For both Prefect and Airflow, we evaluated them using the recent major releases (Prefect 3.x, Airflow 3.0.x), which had significant changes compared to the previous releases.
For Prefect, writing workflow code is similar to normal coding with Python. Turning python functions to Prefect flow or task is very simple with use of decorator. For Airflow, since a workflow is defined as a DAG, a greater care is needed to how to structure the code.
Longer develop-to-debug loop in Airflow: deployment is required to fully test DAGs due to airflow-specific functionality that can only be accessed when running DAGs via the Airflow runner. Additionally, it's not possible to run airflow DAGs using an interactive debugger the way one can with Prefect.
Silent, difficult-to-debug DAG parsing failures in Airflow
Airflow: DAG files need to be a single dag folder, which can be inconvenient during development/testing phases but it can be plus for deployment. Additionally, modules shared between DAGs are typically stored in a plugins/ directory which is not always pulled when DAGs are re-parsed which requires additional management.
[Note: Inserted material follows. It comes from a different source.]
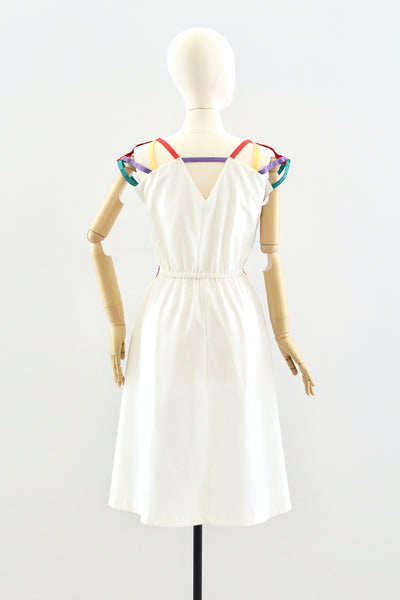 Cage Dress - Pickled Vintage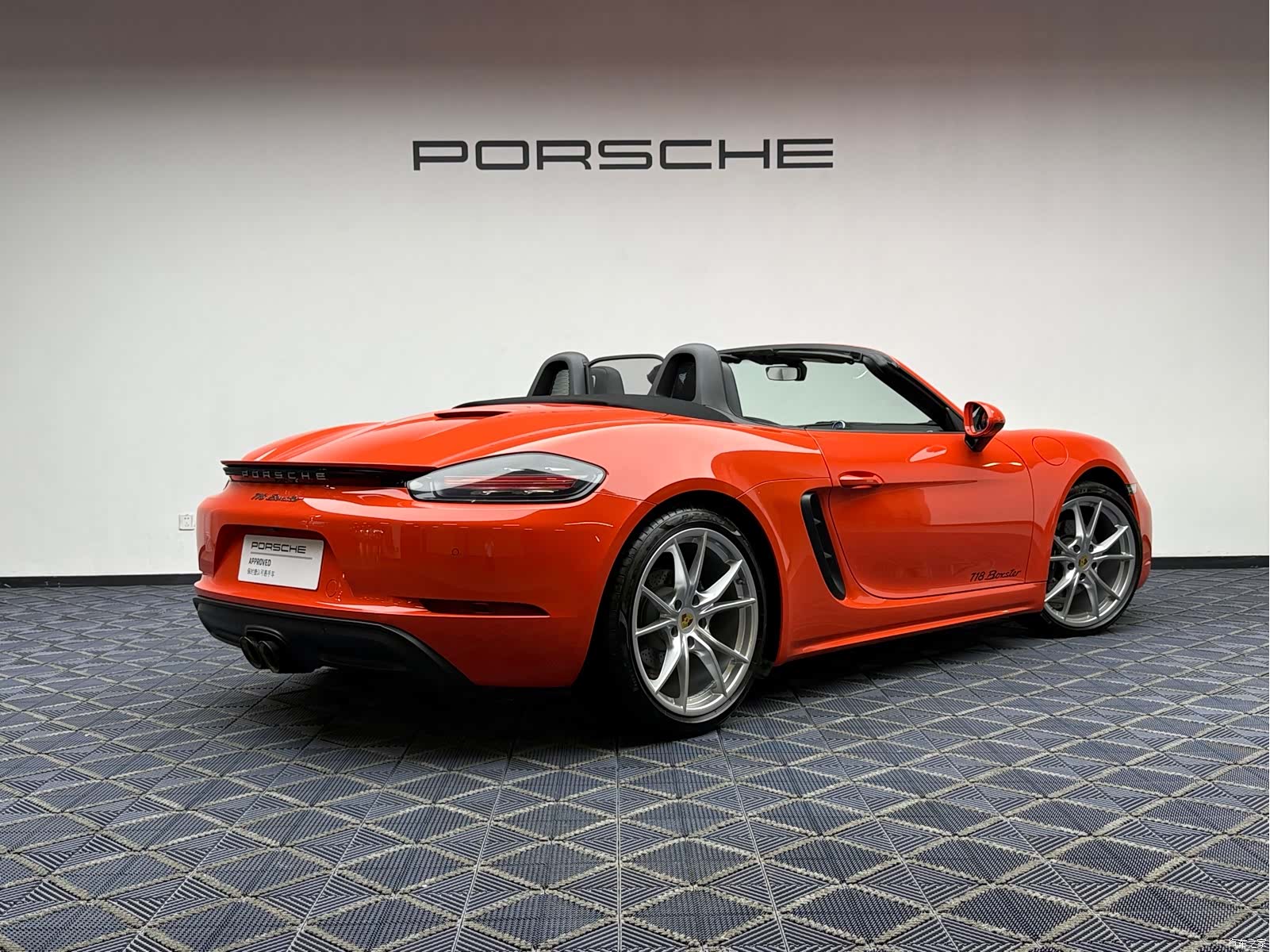 Porsche Boxster, 2021 8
Since Airflow uses XComs for cross-tasks communications and there is size limitation for what XCom can handle which depends on metadata database used. In our benchmark testing of airflow, we encountered 'unmappable_return_value_length' error relatively quickly. Also XComs require serialization of the data transfer between tasks. Therefore for certain data types such as a numpy array can introduce overhead for serialization and deserialization.
Both frameworks supply deployments that allow for local and distributed scheduling servers. Prefect allows configurable profiles via simple dot files and environment variables, e.g., to connect with different scheduler addresses for local and remote development.

Decision

After evaluating all criteria, we recommend adopting Prefect as the primary workflow manager for the ALMA Demonstrator, handling both stage and task level orchestration while leveraging Dask for fine‐grained parallelism. Prefect’s intuitive, Python-native API, robust context and state management (including pause/resume and retries), and rich REST driven UI meet our pipeline’s complexity needs, and by using Dask for fine-grained parallelism, we retain minimal runtime overhead and scalable, memory-efficient execution for tens of thousands of parallel tasks.